Unfortunately, due to the severity of many aeroplane crashes, ELTs often don't work the way they're supposed to, as the devices themselves regularly become another casualty when aircraft impact with the ground. NASA's Langley Research Centre in Hampton, Virginia, is looking into ways this can be avoided, seeing how and when ELTs get damaged due to their placement in aircraft, and measuring how different kinds of landing surfaces affect crashes.

In this video, a Cessna 172 held aloft by cables plummets from a height of more than 30 metres into a thick bed of soil, with the collision occuring when the plane is travelling at nearly 90 kilometres per hour. A previous test earlier in the month sent the same aircraft into solid concrete rather than dirt.

While you might think the soil would provide a gentler landing, NASA says the opposite is the case. Concrete crashes encourage skidding along the surface, which dissipates energy, whereas dirt makes aircraft crashes end almost suddenly.

"It's actually worse," said Chad Stimson, a project manager with NASA's ELTs Survivability and Reliability research, in a press release. "[All] that force is absorbed by the airframe and the occupants. This was clearly more severe than the first test. No one would have walked away from this. They might be alive, but they'd need help right away. In that sense, it's the perfect search and rescue case."

NASA's crash-testing records 64 separate channels of data in each crash, with each collision captured from 40 different cameras, all to help researchers better understand the ideal positions to install ELTs.

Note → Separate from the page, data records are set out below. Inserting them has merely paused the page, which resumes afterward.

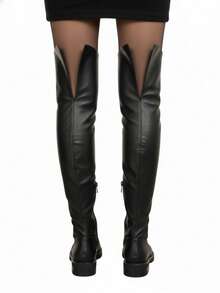 CLASSIC OVER-THE-KNEE BOOTS WITH INSIDE ZIP. WITH BACK OPENING.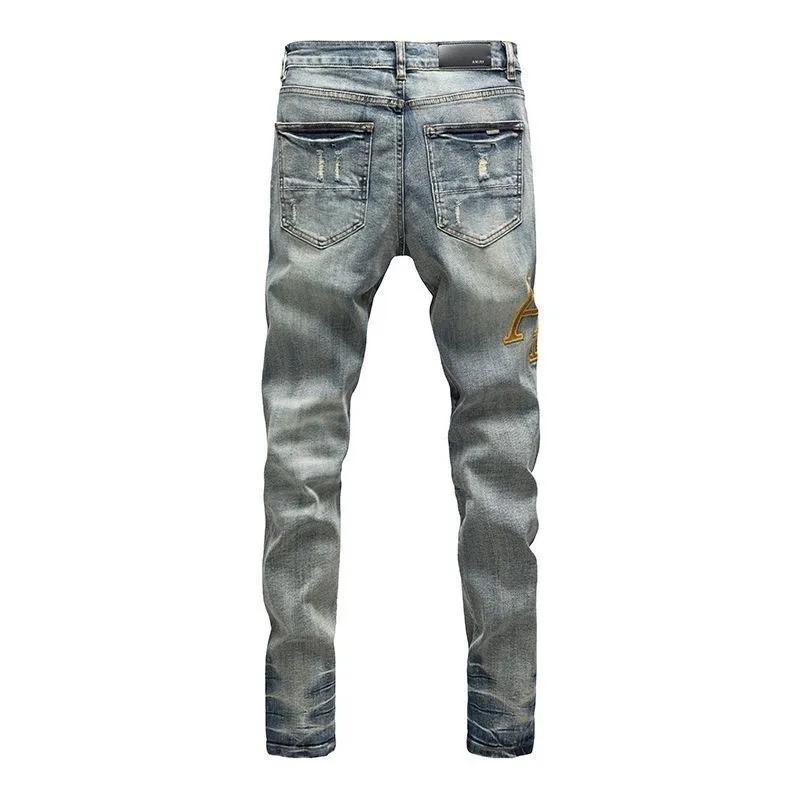 P166 Top replica AMIRI denim shorts AMIRI high street basic ripped tight stretch jeans trousers Amiriamiri is transliterated as Emil, which is the name of the founder. Mike Amiri, the founder of amiri, grew up in Los Angeles, USA. He was influenced by the local street culture Rock since he was a child, so he founded the amiri brand named after himself. A variety of trendy clothing meets the needs of different fashion players. Amiri clothing has novel and unique styles and is a well-known street brand in the United States. Many of its styles and styles are loved by many street photographers. Various clothing styles meet the needs of different people, show their unique temperament, and show the trend of dressing. amiri's jeans are relatively famous. Not only do they have many styles, but the quality of the jeans is also very good. Many celebrities have also worn amiri brand jeans. Fashionability.  Color; picture color Size: m l xl xxl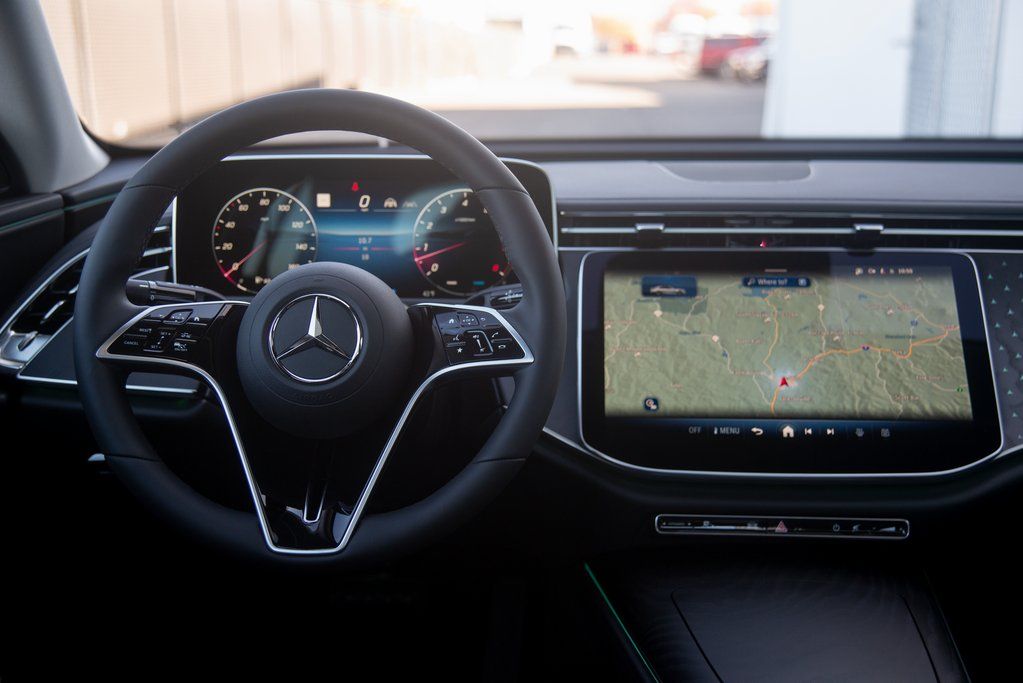 Thumbnail: 2025 Mercedes-Benz E-Class - 28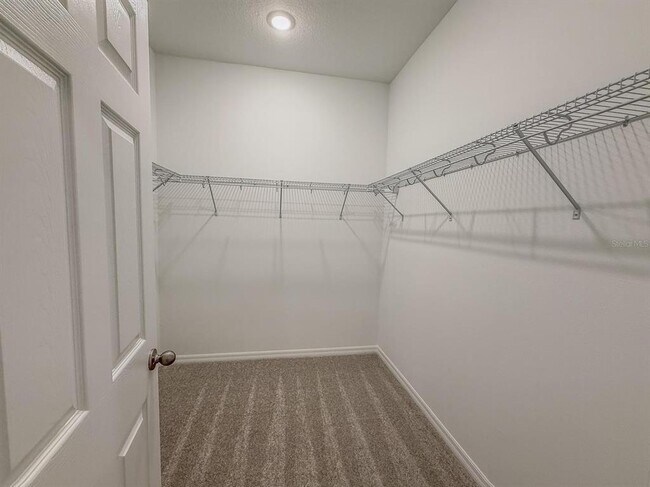 Building Photo - 438 Marion Lp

If aircraft designers can give the transmitters the best chance possible of surviving crashes, they in turn can help save the lives of people wounded when aeroplanes come down.

In this crash, the dummy Cessna has five separate functional ELTs, each of which are fully operational, giving them the ability to send data to satellites on impact.

"The cool thing is we're using the whole system," said Stimson. "We get real-time feedback from space… and we're getting first-of-its-kind data to help search and rescue get better outcomes."